By the fall, HR could have its first officially recognized standard, the first step in a long journey toward standardizing the metrics we all discuss, but interpret and use differently.

Online and available for all practitioners to review is a second draft of a proposed standard for cost per hire. An initial version was posted earlier this year. After getting some 50 comments, the SHRM committee that drafted the standard adopted some of the suggestions, made changes, and now, following the rules of the American National Standards Institute, has reopened the comment period.

Jeremy Shapiro, who lead the 42-member taskforce, explained the latest version has “no substantive changes.” “This version,” he said in an email, “contains tweaks and clarifications based on great feedback…”

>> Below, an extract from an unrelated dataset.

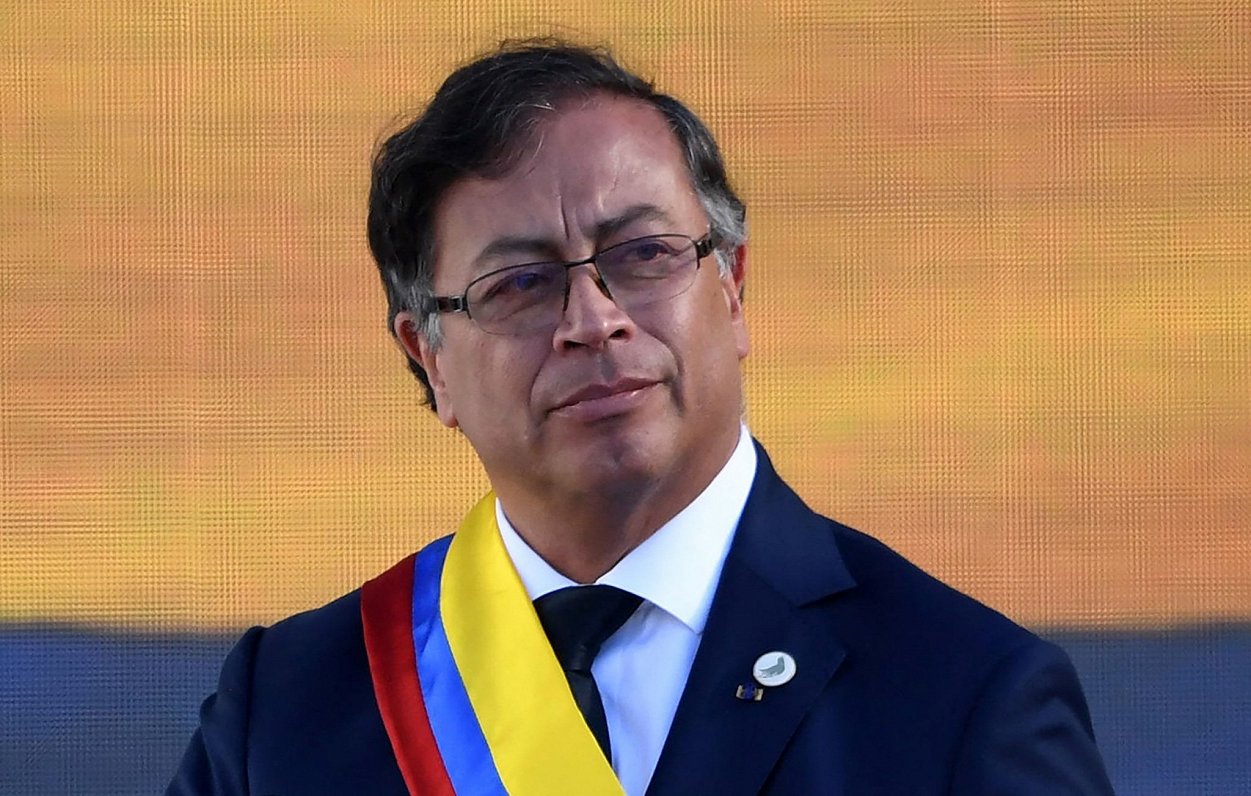 Kolumbijas prezidents Gustavo Petro, 2022. gada 7. augustā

Relates only to full time employees

The most significant changes are the inclusion of a definition of sourcing and a note clarifying that the cost per hire standard relates only to full time employees and not fractional hires (FTEs). About sourcing the draft says this: “A subset of the recruiting process, sourcing refers to actions taken to identify potential candidates for employment within the organization.”

Assuming the latest round of comments doesn’t require further changes to the standard, Lee Webster, director of  HR Standards for SHRM, says it could be submitted to ANSI shortly after the close of the comment period June 20.

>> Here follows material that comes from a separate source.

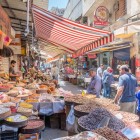 Spice and vegetable market in downtown Amman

It will then be up to the standards organization to review the proposal and act to adopt it as an official U.S. standard. That could happen by the fall, Webster says, making the cost per hire standard the first HR metric to become an official U.S. standard.

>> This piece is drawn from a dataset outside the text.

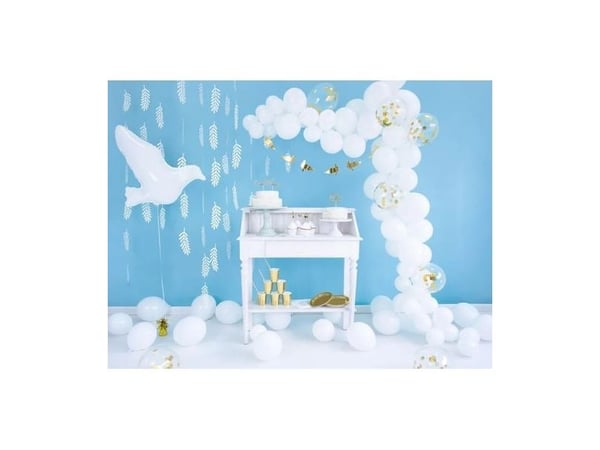 PartyDeco FB18-008-KARTON, Hvit, Figur, Folie, Temafest, 770 mm, 660 mm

No practitioner or employer is obligated to follow the standard. Those that do, however, will be able to compare their hiring costs to those of their industry, confident that it’s an apples-to-apples comparison.Even for those who don’t apply the standard rigorously, it will still give them a guide to know what HR practitioners agree should be counted.

“I think people will choose to have a more consistent standard,” Webster says.

First of several standards developed by SHRM committees

The CPH standard is the first of several being developed by various SHRM committees. In the works are standards for job descriptions, diversity and measuring the financial value of a company’s human capital. Developing standards is a long process, but someday, Webster says, there will be a “body of performance standards” measuring HRs effectiveness and giving weight and substance to the pronouncements of corporate HR leaders.

The standards also have the potential to go global. In February, the International Standards Organization (ISO) accepted a plan crafted by SHRM to develop global HR standards. So far, Webster reports, 25 nations are participating in some form in a technical advisory group. Representatives from each participating country will review every standard as it’s proposed. The first one, Webster says, is probably going to be the cost per hire standard.

Interestingly, Iran has expressed an interest in participating, Webster says.